HUNTER: I was doing an internship with Georgia Tech Sports Marketing Department, which kind of led to a G.A. position. So I’m going to get my Master’s in January in Sports Management and maybe someday coach, be an athletic director. I just know that I want to be around sports and it’s a really nice transition period for me because I get to come back, put my heart where my passion is, with Georgia Tech and work for them to bring fans and promote my school, everything I want to do.
STING: Is it nice to be around the volleyball team again?
HUNTER: I’m lobbying [Head Coach] Tonya [Johnson] in every way I can. ‘Do you need someone to practice?’ ‘Do you need someone to shag balls?’ ‘Do you need someone to keep stats?’ Like any opportunity I can to be around Georgia Tech Volleyball I jump at it. It’s a nice change for me, working in marketing now, with the Georgia Tech Athletic Association but it gives me the opportunity to still support the people I love. So it’s exciting.

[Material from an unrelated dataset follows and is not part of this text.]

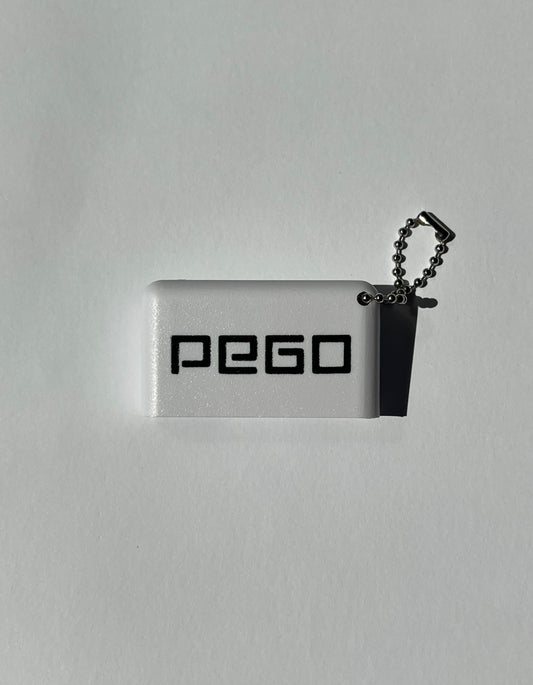 PEGO Mailan harja 3-IN-ONE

STING: Are you allowed to practice with the team?
HUNTER; No. Once you’re alumni you have to have a certain amount of time out before you can come physically practice with them. This summer I was able to because it was captains’ practices, the coaches weren’t here, it was open gym. But outside of that, I’m not allowed to. I can just be a spectator, shag some balls, do stats.

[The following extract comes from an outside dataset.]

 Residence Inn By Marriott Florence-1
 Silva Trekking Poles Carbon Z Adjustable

STING: How hard is it for you to be around it and not be able to participate?
HUNTER: It’s hard for me because I feel like I can still go out there and do it. I’m still young, I work out every day, I play as much as I can. I just joined an adult team with Brittany Roderick and Michelle Kandell, who played here (Roderick from 2006 through 2009, Kandell from 2005 through 2008). So it is a challenge every day coming in here but I’m embracing the opportunity to be in a whole different chapter of my life and I’m grateful that I’m still around volleyball. So it’s a good place. It was hard at first but it’s a good place. I think you have to be out three or four years. I’m not exactly sure because rules change like yearly it seems, but I just know that when that opportunity does happen, maybe I’ll be coaching here, maybe I’ll be coaching somewhere else, but I know I’ll be back in the gym with some team.
STING: Would you like to pursue college coaching?

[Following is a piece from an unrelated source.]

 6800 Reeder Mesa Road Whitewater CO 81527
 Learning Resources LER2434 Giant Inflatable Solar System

HUNTER: I’m definitely interested. I’m going to be coaching with A5 again this fall and I’m excited about that. It gives me the opportunity to be around a ton of great college coaches at tournaments and network that way. I think what sells me is that I’m passionate about the game. I love it, I know a lot about it. I bring a lot to the table outside of just a knowledge and technically for volleyball.
STING: Will you be coaching with Monique Mead again?
HUNTER: I would love to coach with her or even play with her. We had this great plan because a team in Germany was looking at both of us, that we should go and play together. I ended up deciding not to play and she want off to Azerbaijan. I think our [playing] days together are over but we’re still really close and super, super-good friends.
STING: What have you heard from Monique as far as her pro career?
HUNTER: She’s excited. Her first week of practice just wrapped up and it was really successful. Lots of running, which was a complete change for her — she HATES running — but she knows that she’s there to play volleyball and it’s her job and she’s embracing that and taking advantage of every opportunity. We’re super-proud of her.
STING: What do you think of this year’s team from what you saw (at the Gold and White Scrimmage)?
HUNTER: I thought they looked great. I’m really proud of the freshmen. I’ve never seen them play and I’m super-excited for them. I’m very optimistic. The returners, Courtney [Felinski] did well, Jennifer [Percy] did well, Quinn [Evans], Kaleigh [Colson], it’s exciting.
STING: Now that you’re campus, will you still be in attendance for matches?
HUNTER: I will be here. You cannot keep me out of this gym. Any opportunity, I’m here. I’m their No. 1 fan.